Des policiers ainsi que l`un des nouveaux administrateurs du groupe - nommés par la justice - ont ensuite investi la régie des deux télévisions et en ont pris le contrôle manu militari, malgré l`opposition d`un des rédacteurs en chef. "Quel est votre titre ? Ici, c`est ma chaîne", a lancé Tarik Toros.

Pendant ce face à face dans les étages, des affrontements ont également éclaté devant le bâtiment entre la police et les manifestants, parmi lesquels des députés de l`opposition.

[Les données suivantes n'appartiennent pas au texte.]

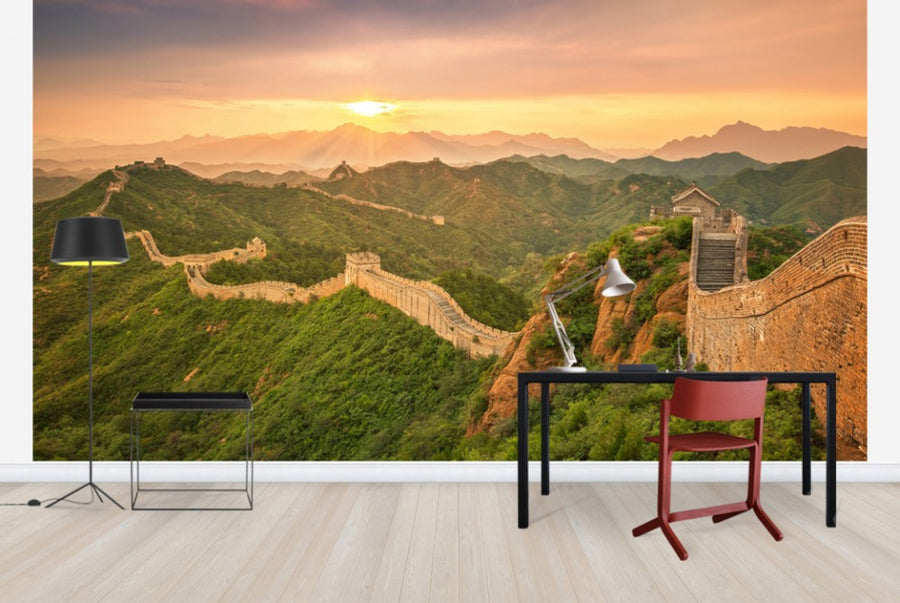 PHOTOWALL / Great Wall of China at Sunrise (e40624)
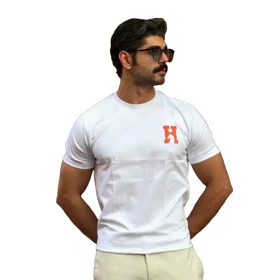 تیشرت هرمس Hermes سفید 351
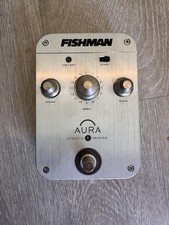 Fishman aura acoustic for sale  CAMBRIDGE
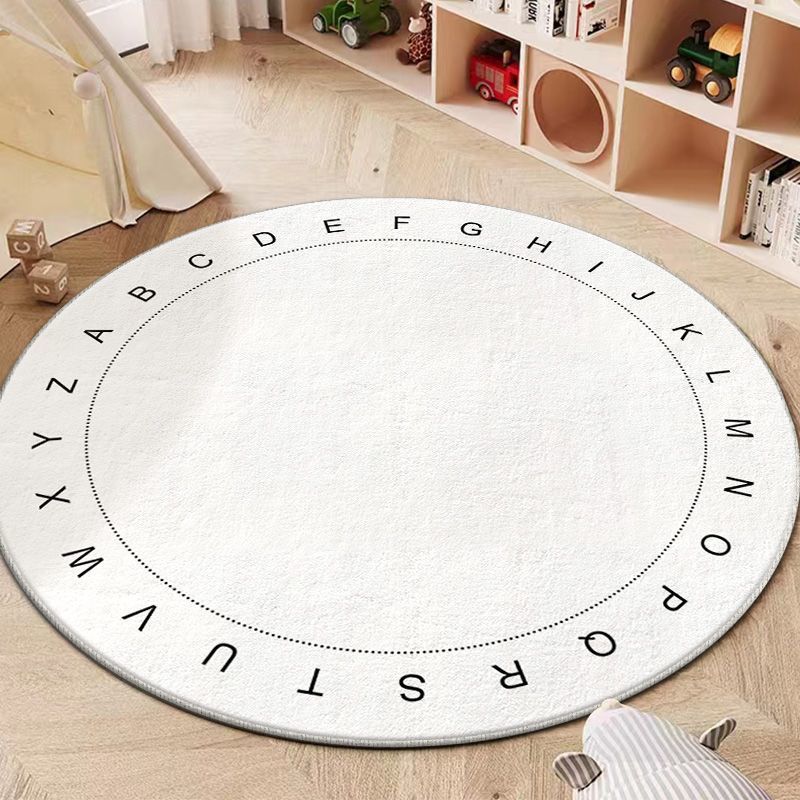 Runder Plüsch-Spielmatte Karnz
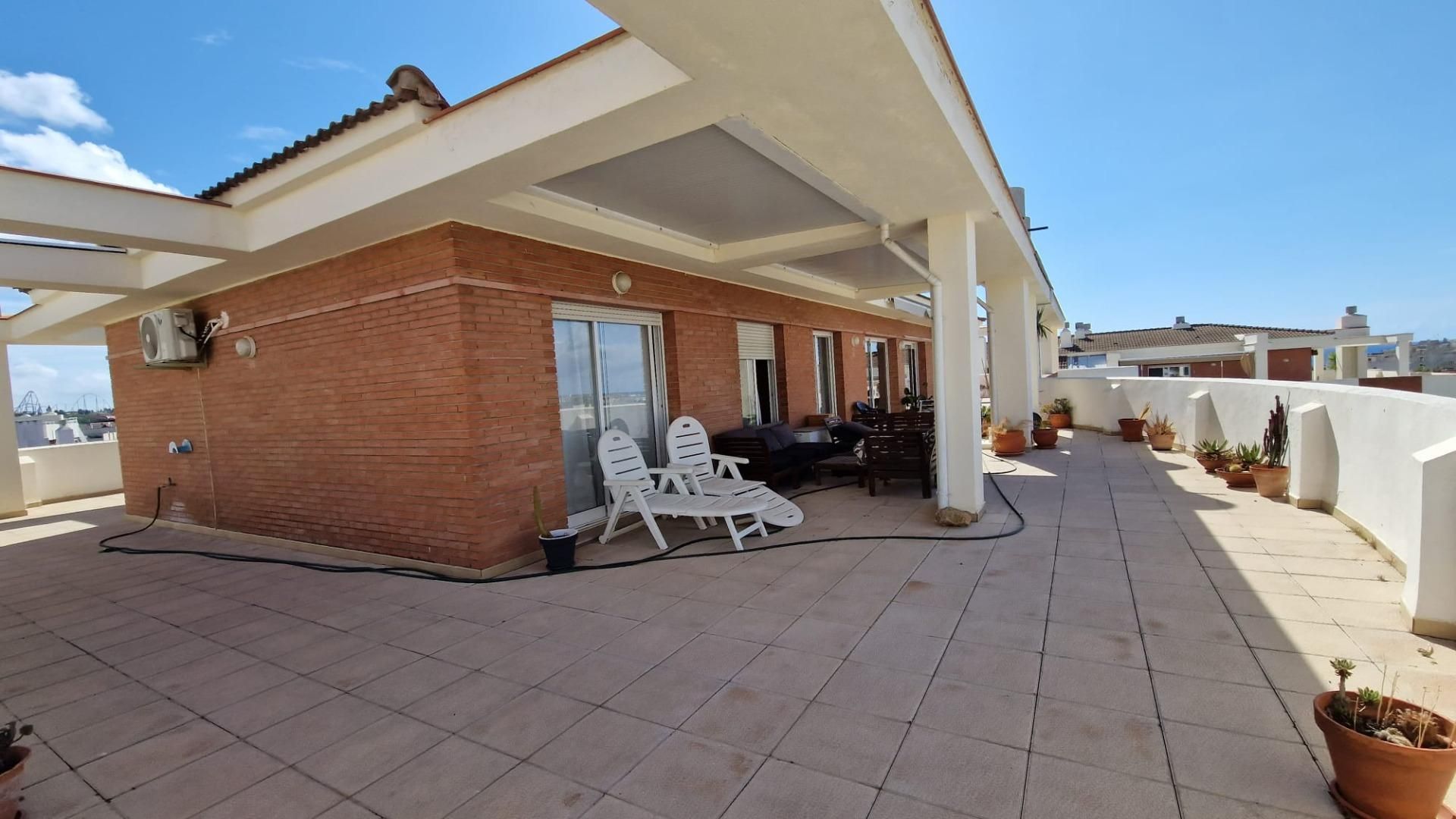 Terrassa de Apartament en venda en Salou amb Calefacció, Jardí privat i Terrassa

Plusieurs personnes ont été arrêtées, a rapporté la chaîne de télévision privée NTV.

"Tous ceux qui sont responsables de cette décision devront répondre de leurs crimes devant l`histoire", a dénoncé sur place un député de l`opposition, Baris Yarkadas.

"Il y a désormais un précédent", s`est inquiété sur Twitter un autre député de l`opposition, Eren Erdem. "Le pouvoir a montré aujourd`hui ce qu`il adviendra de ce pays si on ne met pas un terme à cette oppression dimanche". Le hashtag "#nousnenoustaironspas" était le plus utilisé par les utilisateurs de Twitter en Turquie, qui partageaient des photos de cartes de presse ensanglantées.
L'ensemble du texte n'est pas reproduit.